Impact of Indebtedness and Interest Rates
Teler expressed that her concern regarding the drop in domestic demand has not increased, as it aligns with expectations for the year.
- Canadian Indebtedness: Canadians are significantly more indebted compared to their US counterparts.
- Mortgage Resets: Unlike the US, where 30-year fixed-rate mortgages are common, Canada experiences mortgage resets where fixed terms expire, forcing homeowners to renew at current, potentially higher, interest rates.
- Timing of Impact: The impact of rising interest rates on indebted Canadians was a matter of "when and how much."
- Second Wave of Price Increases: Following the initial wave of inflation during the pandemic, a second wave of price increases is attributed to tariffs, counter-tariffs, and trade uncertainty.
- Economic Consequence: This combination of an uncertain consumer and uncertain business owners is leading to a slower-than-expected economy.
Defense Spending and Energy Sector Opportunities
Defense spending was identified as a factor that boosted GDP. The recent pipeline announcement was discussed in the context of potential opportunities for Canadian energy with the AI buildout.
- Pipeline Announcement: While the direction of the announcement was positive, Teler suggested it was more symbolic or political.
- Appetite for Building: There is a lack of clear commitment from major pipeline companies (Enbridge, TC Energy, Pembina, Southbow) regarding their appetite to build new pipelines.
- Company Commitments: Many of these companies are already heavily involved in other projects.
- Past Failures: Teler referenced past difficulties faced by TC Energy with projects like Energy East and Keystone XL, and the government's takeover of Trans Mountain, questioning the government's willingness to undertake another such project.
- Enbridge's Focus: Enbridge is currently focused on "brownfield work," including an expansion on its main line, and may not be inclined to take on a large "greenfield project" at this time.
- Government Signal: Carney's announcement is seen as a signal to the Alberta government that the federal government will not obstruct new pipeline construction.
- Uncertainty: The actual appetite of pipeline builders to undertake large export pipelines in Canada remains to be seen.
Investor Concerns in the Tech Sector
Teler addressed ongoing investor concerns regarding the technology sector.
- Overvaluation: The tech sector continues to be "really overvalued."
- Historical Parallels: Teler cited an experienced peer who noted that current valuations are comparable to those seen between 2005-2007 and the late 1990s to 2000.
- Bubble Speculation: It is too early to definitively state if the market is in a bubble, but valuations feel unsustainable.
- AI-Driven Valuations: High valuations, particularly in the US, are significantly driven by the technology sector and the "AI fed."
- Investor Caution: Investors are cautious about the possibility of a bubble.
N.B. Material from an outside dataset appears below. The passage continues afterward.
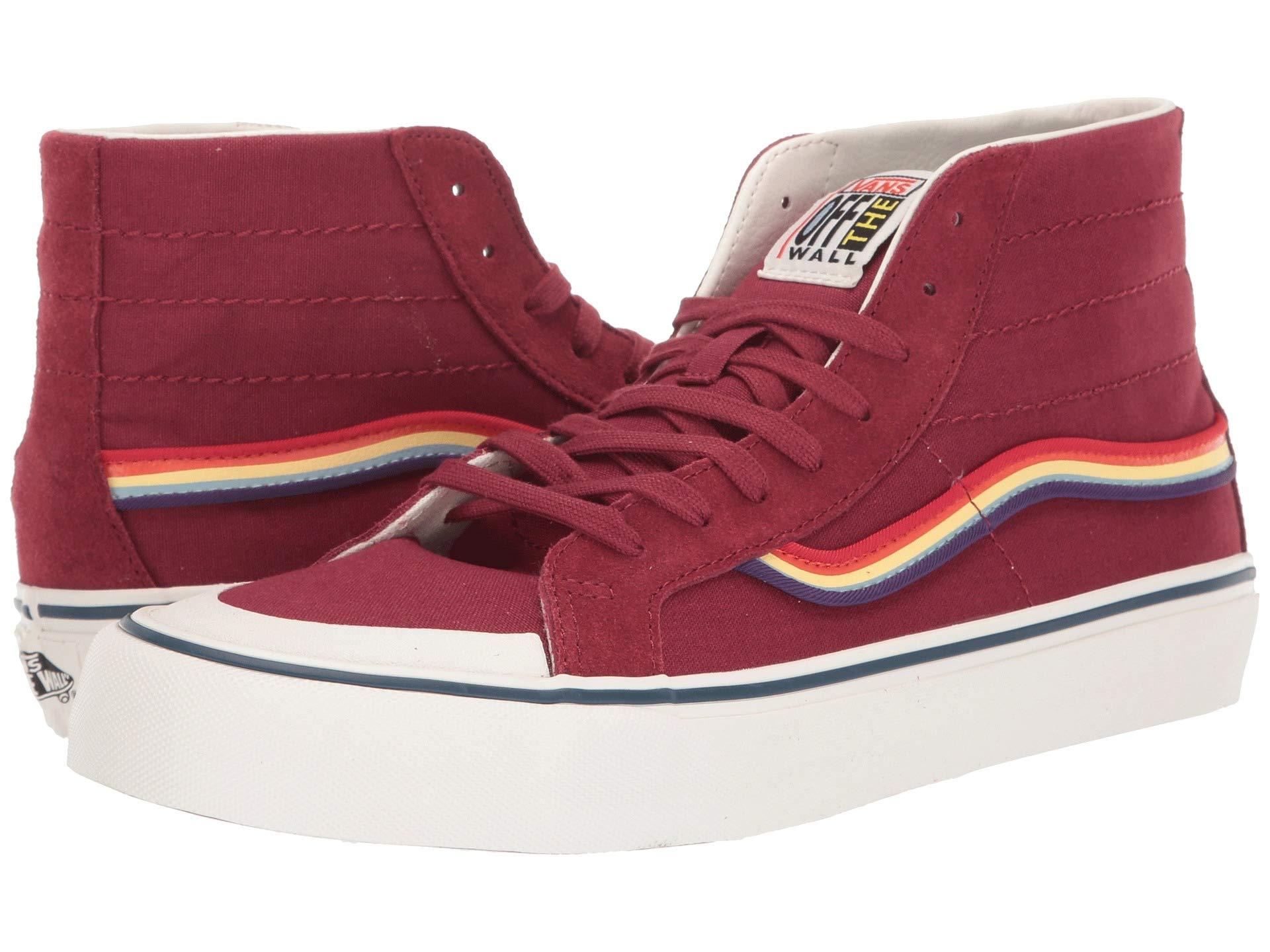 rad rainbow vans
- Nvidia Example: Despite strong earnings, Nvidia's stock opened up 5% but closed down due to concerns about its valuation.
- Correction Risk: Even if not a bubble, overvalued stocks face the risk of a correction, with valuations potentially returning to more realistic levels. A significant adjustment may be needed to reach normal valuations in the tech sector.
Conclusion
The Canadian market showed strength to end the week, but underlying economic indicators suggest domestic demand weakness due to consumer indebtedness and rising costs. While government announcements regarding energy infrastructure are positive, the practical execution by industry remains uncertain. The technology sector, particularly driven by AI, is experiencing high valuations that raise concerns about sustainability and the potential for a market correction.